§ **TASK ITEM**: Write out every line of the material as it stands, apart from the pictures.

§ **AVAILABLE DATA**:
==============================

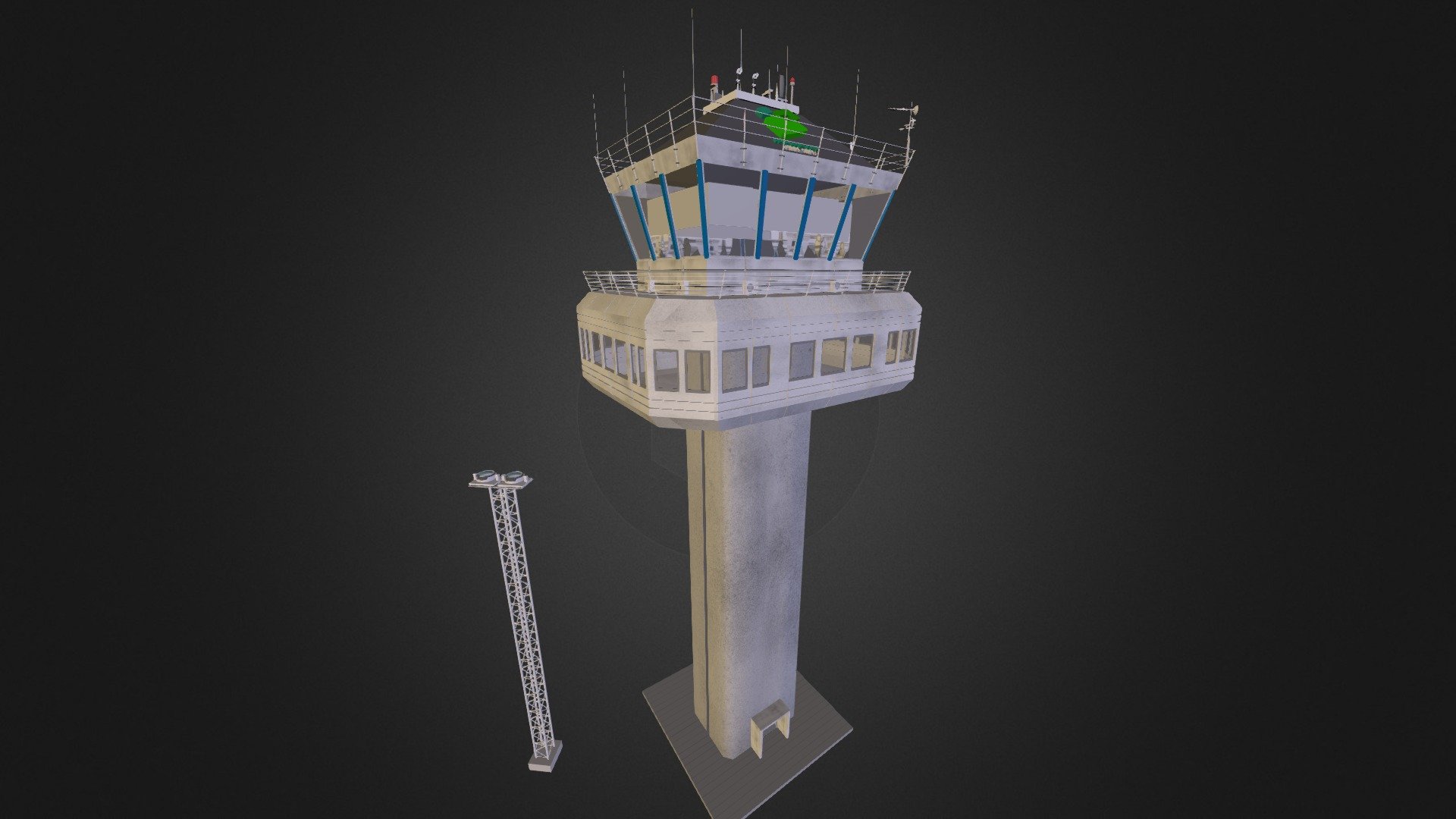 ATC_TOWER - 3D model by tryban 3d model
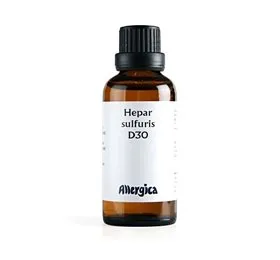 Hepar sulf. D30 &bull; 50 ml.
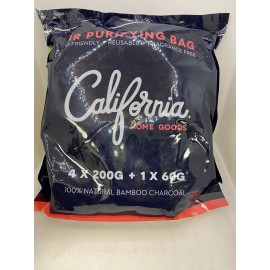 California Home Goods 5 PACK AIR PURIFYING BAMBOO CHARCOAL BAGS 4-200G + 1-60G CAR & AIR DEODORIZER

==============================

§ **TASK SOLUTION**:
 ATC_TOWER - 3D model by tryban 3d model
 Hepar sulf. D30 &bull; 50 ml.
 California Home Goods 5 PACK AIR PURIFYING BAMBOO CHARCOAL BAGS 4-200G + 1-60G CAR & AIR DEODORIZER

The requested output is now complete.